Since then, thousands of his opponents have been jailed. Pressure to give up direct rule is coming from many quarters, from the country's political parties, Maoist insurgents, human rights groups, the United States, Europe, and his giant neighbor India. Yet his opponents aren't certain how he will respond.
Ashin Kaki(ph), head of an umbrella group of Nepali non-governmental organizations, has met the king several times.
Mr. ASHIN KAKI (Activist, Nepal): He doesn't listen to anybody. From the very beginning, publicly, he told us that I'm not like my brother. I have my one road map and I want to implement this. And many people think that he was planning this for a long time.
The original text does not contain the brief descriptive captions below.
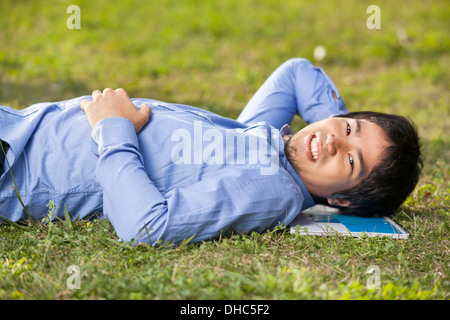 Studente maschio giacente su erba a college campus Foto Stock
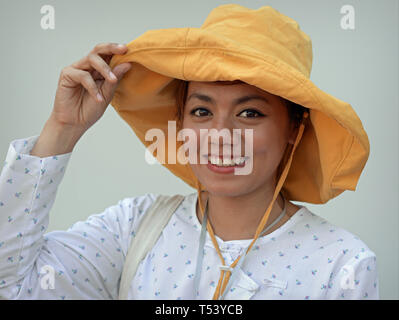 Giovane donna tailandese con begli occhi indossa un moderno floppy hat e sorrisi per la fotocamera. Foto Stock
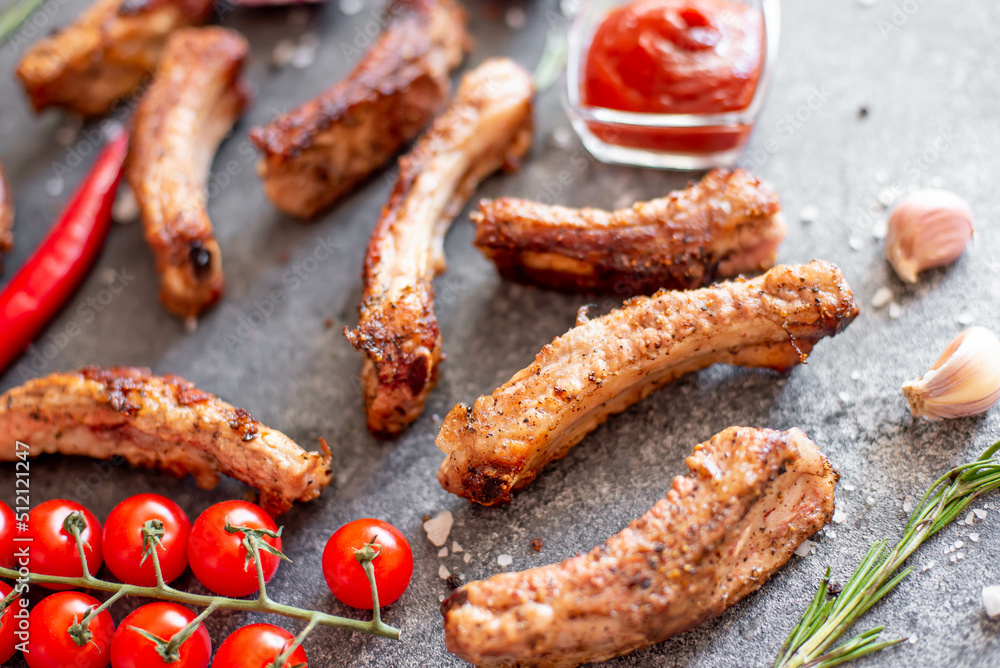 grilled pork ribs on a stone background grilled pork ribs on a stone background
REEVES: The brother is King Birendra. Nearly five years ago, Birendra and much of the rest of the royal family was murdered by his own son, the crowned prince, who, in a drunken rage, then killed himself. As next in line, Gyanendra, a businessman with interests in tobacco, tourism and gambling, stepped in and dawned the crown of peacock feathers. Since then Nepalis have been trying to figure out the monarch. Ashin Kaki, again.
Mr. ASHIN KAKI: It is very difficult to predict the king's mentality at the moment because it's not only me, but everybody who met king very recently say that they fail to understand his mindset. But the kind of movement going on there at this moment is qualitatively, and quantitatively different than it used to be in the past.
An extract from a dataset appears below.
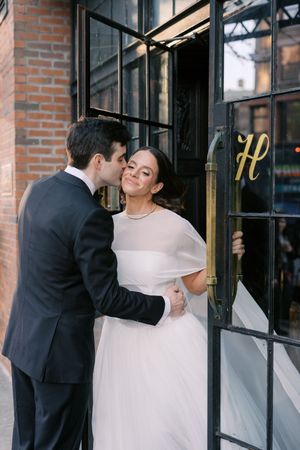 Bride and groom share a tender kiss outside a brick building with elegant black doors during their wedding day.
(Soundbite of protestors chanting)
REEVES: Not so long ago a crowd chanting slogans against the Nepali king would have been unimaginable. Nepal's exotic monarchs were revered and considered by some as incarnations of a Hindu deity. But now Gyanendra's critics, including Kaki speak out with increasing boldness.
Mr. ASHIN KAKI: Every section of Nepalese society are against the king's rule at this moment. Forget about the others human rights (unintelligible), civil society, political party, but also civil servant has started to really demonstrate against the king's rule.
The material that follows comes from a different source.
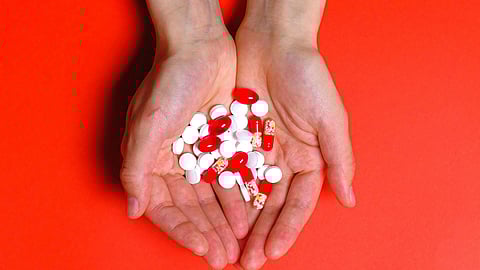 Hands hold a variety of red and white pills against a vibrant red background.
REEVES: The king says he has a roadmap for restoring a constitutional monarchy and wants to hold elections. But Subob Jakaro(ph), a leading human right activist, says the King opponents don't accept this plan.
Mr. SUBOB JAKARO (Human Rights Activist): The essence of that roadmap is to hold election, then to found the Parliament, the regime. But the question is that whether his regime is constitutional or not. If unconstitutional regime holds the election, how can be the byproduct be constitutional?
REEVES: Sher Bahadur Deuba, the prime minister sacked by the king last year, doesn't believe in the roadmap either. He was recently released after nine months in detention. He believes the king has no desire to create a genuine democracy.
Mr. SHER BAHADUR DEUBA (Former Prime Minister, Nepal): I don't think so.
REEVES: And Deuba says he knows what that means.
DEUBA: More struggle. More crisis. More defiance.
REEVES: Philip Reeves, NPR News Katmandu.